▸ Work to be completed
Pictures must not appear in the copy. Set down exactly the line with "Photo of a mid-sized" and each line after it through the end of the data below.

▸ Record set

*****

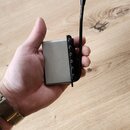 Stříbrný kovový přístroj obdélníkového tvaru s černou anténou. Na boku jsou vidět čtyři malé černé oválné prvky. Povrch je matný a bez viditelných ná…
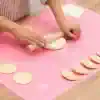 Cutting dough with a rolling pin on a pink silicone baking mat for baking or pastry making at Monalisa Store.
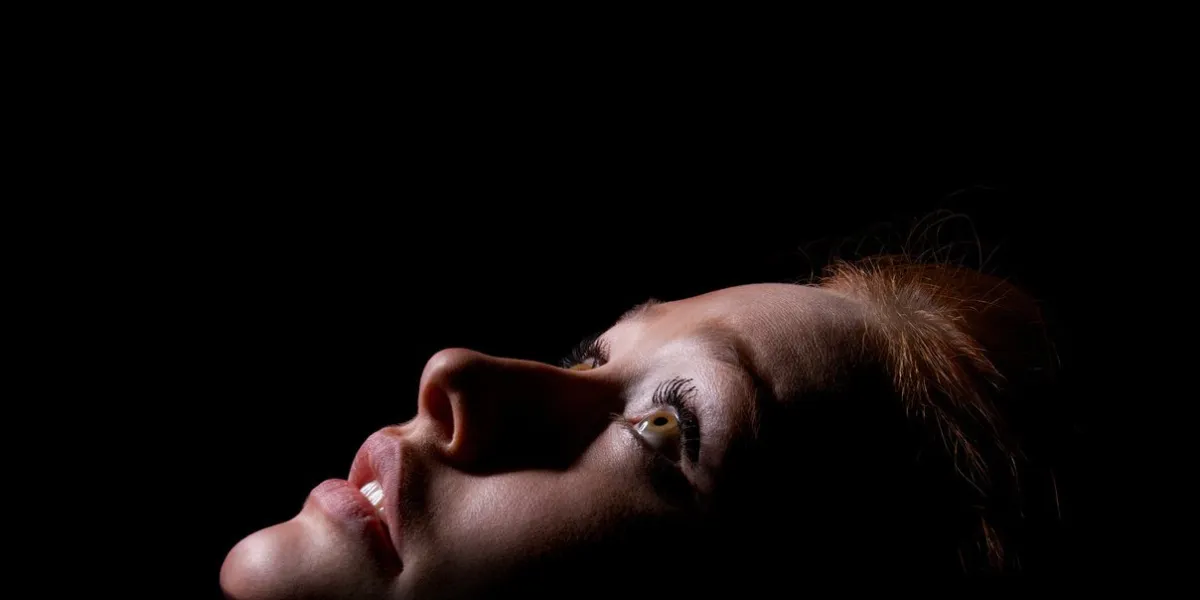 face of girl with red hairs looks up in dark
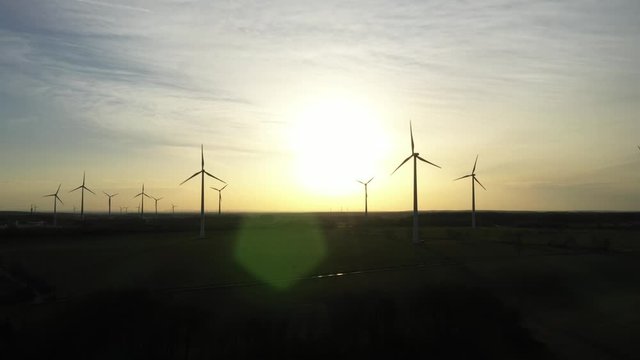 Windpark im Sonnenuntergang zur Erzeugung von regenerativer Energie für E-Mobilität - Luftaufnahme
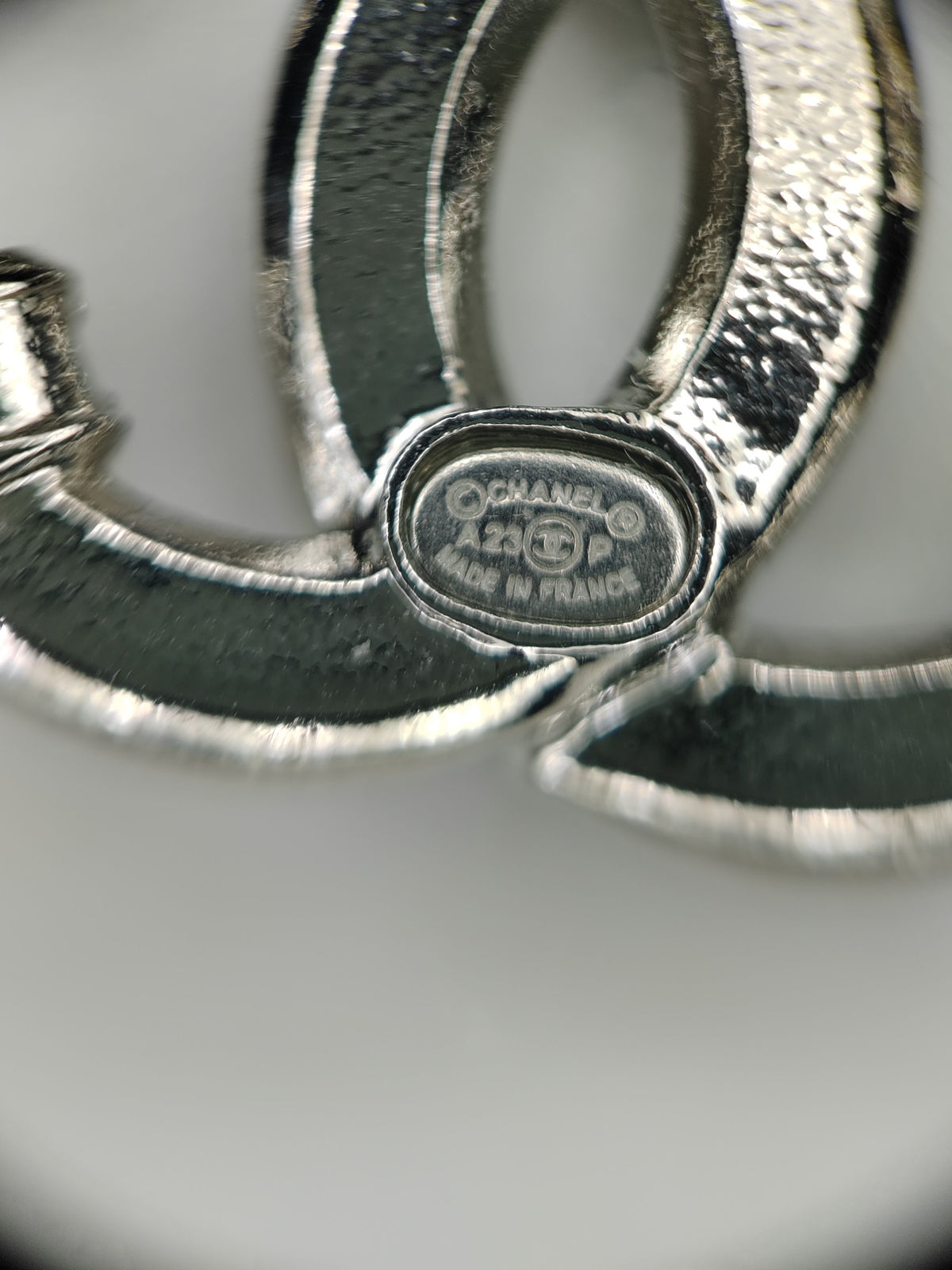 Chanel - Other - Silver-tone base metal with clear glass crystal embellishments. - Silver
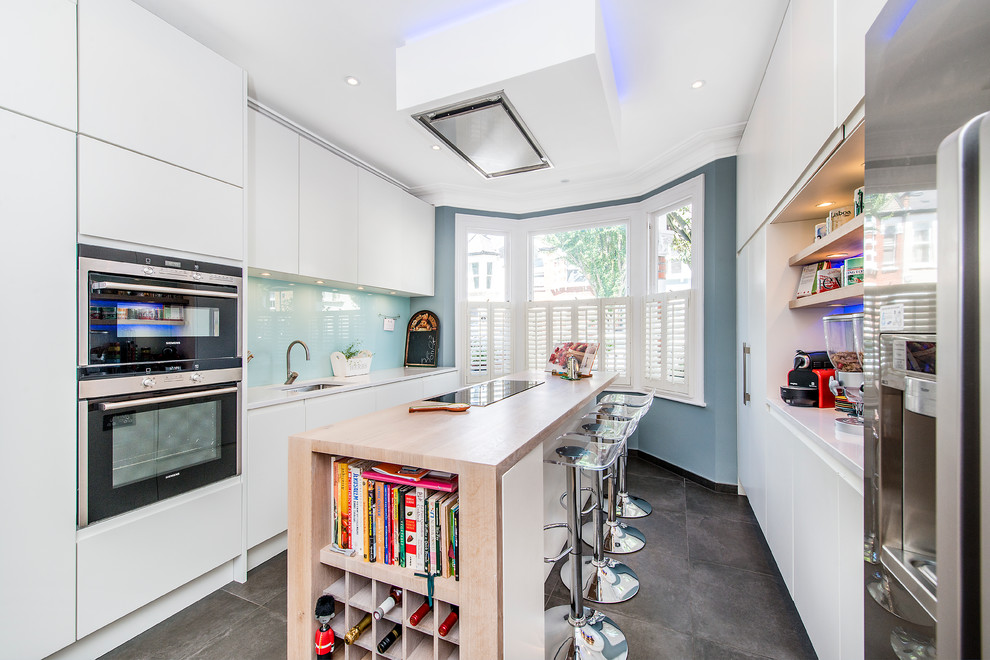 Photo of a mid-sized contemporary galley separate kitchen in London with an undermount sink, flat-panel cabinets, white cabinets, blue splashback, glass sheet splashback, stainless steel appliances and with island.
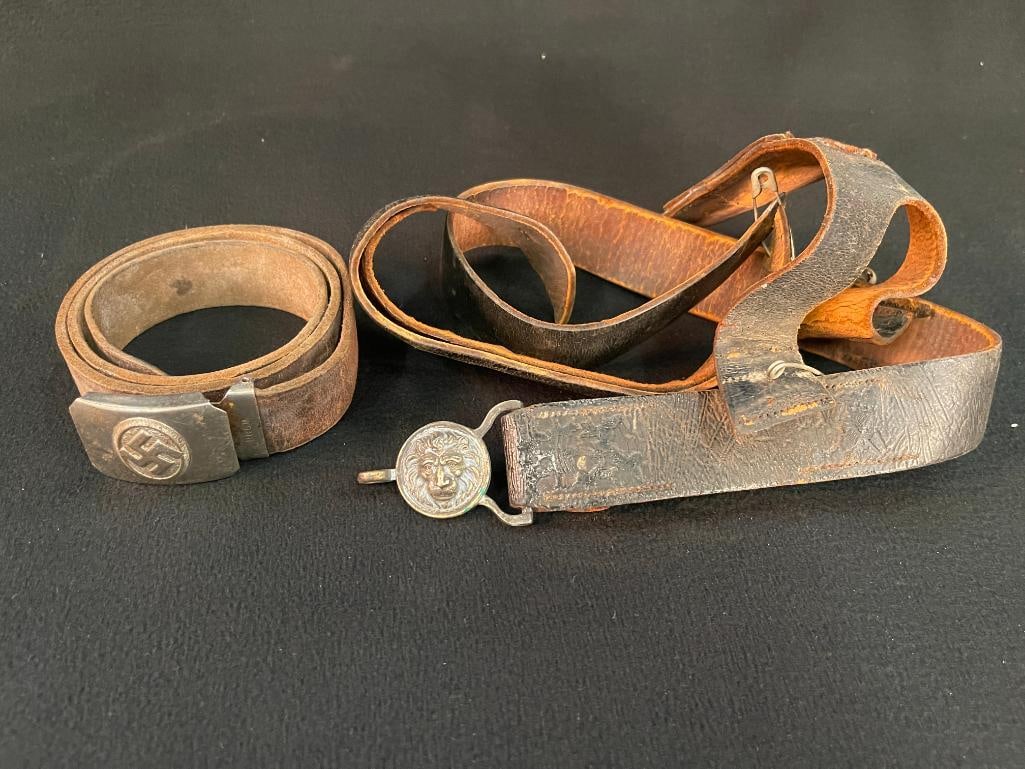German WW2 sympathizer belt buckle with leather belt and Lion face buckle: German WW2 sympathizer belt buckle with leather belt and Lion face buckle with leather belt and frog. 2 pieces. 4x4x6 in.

*****

▸ Response to this task
 Photo of a mid-sized contemporary galley separate kitchen in London with an undermount sink, flat-panel cabinets, white cabinets, blue splashback, glass sheet splashback, stainless steel appliances and with island.
German WW2 sympathizer belt buckle with leather belt and Lion face buckle: German WW2 sympathizer belt buckle with leather belt and Lion face buckle with leather belt and frog. 2 pieces. 4x4x6 in.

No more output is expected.